It may be an outlier, and the one-point lead is within the margin of error. But that hardly matters. The fact that Rishi Sunak’s party is vying for second place with a Right-wing rival speaks volumes about just how disastrous the Conservative campaign has been so far.

And the Conservatives know the game is up. You can almost see the panic in their eyes every time they appear on our TV screens. From a psychological perspective, they have already conceded; they’ve gone beyond denial and are fast on the way to anger and acceptance.

But this is about more than a single campaign. The Conservatives have been written off before; there were many obituaries written in the aftermath of its 1997 rout at the hands of Tony Blair, when it was reduced to what was then considered a “rump” of just 165 seats – literally half of the number of MPs it began the campaign with.

There will be those at party headquarters, eyeing the polls with a rising sense of panic, who might consider that total as something of a victory this time round. Thirteen years after that defeat, after all, the Tories were back in office, albeit only with the reluctant, gullible aid of the Liberal Democrats.

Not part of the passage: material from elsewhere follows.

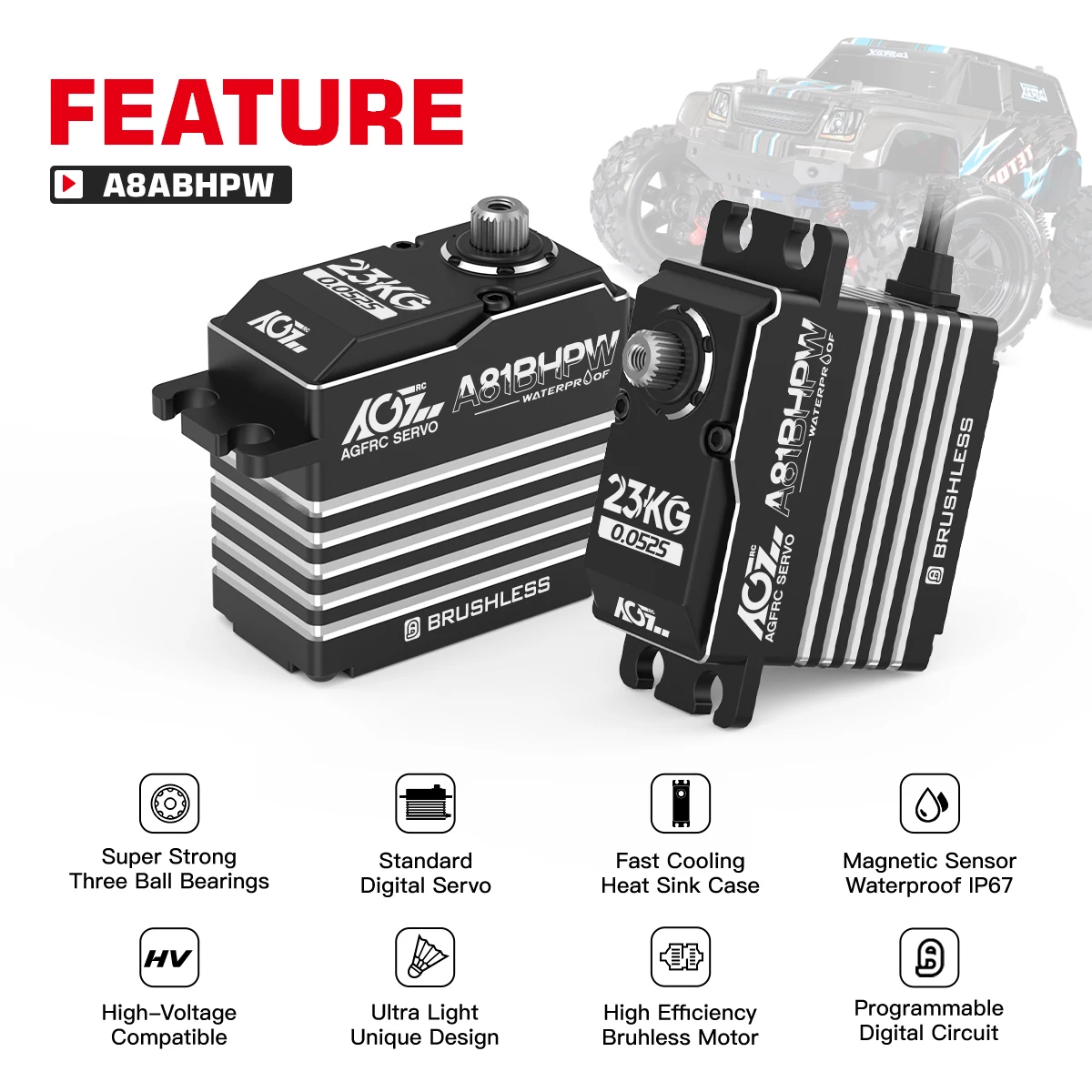 Agfrc A81Bhsw Muslimhigh Speed High Torque 35Kg 23Kg Servo Sterzo Brushless Impermeabile Programmabile Per 1/8 Rc Car Buggy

But if further polls were to confirm the Conservatives’ third place in the popular vote, such a recovery may not be on the cards, ever. In 1983, Labour’s greatest fear was being eclipsed by the SDP, which finished just two percentage points behind it in terms of votes (and considerably further behind in terms of seats). Coming third would have signalled an existential crisis for Labour then, just as doing so in 2024 would signal that long-awaited re-alignment of the Right that has been repeatedly predicted but never happened.

Sunak will not go down in history as a victorious leader, but he will be remembered for giving Farage his best opportunity to capture the political agenda and forcing the Tories into political accommodation with its populist rivals. In this accomplishment, the prime minister need share the credit with no one else. True, he inherited a shambles of a government from his two immediate predecessors. But it was Sunak who made the crucial decisions that led to historically high levels of taxation and, at the same time, record net immigration.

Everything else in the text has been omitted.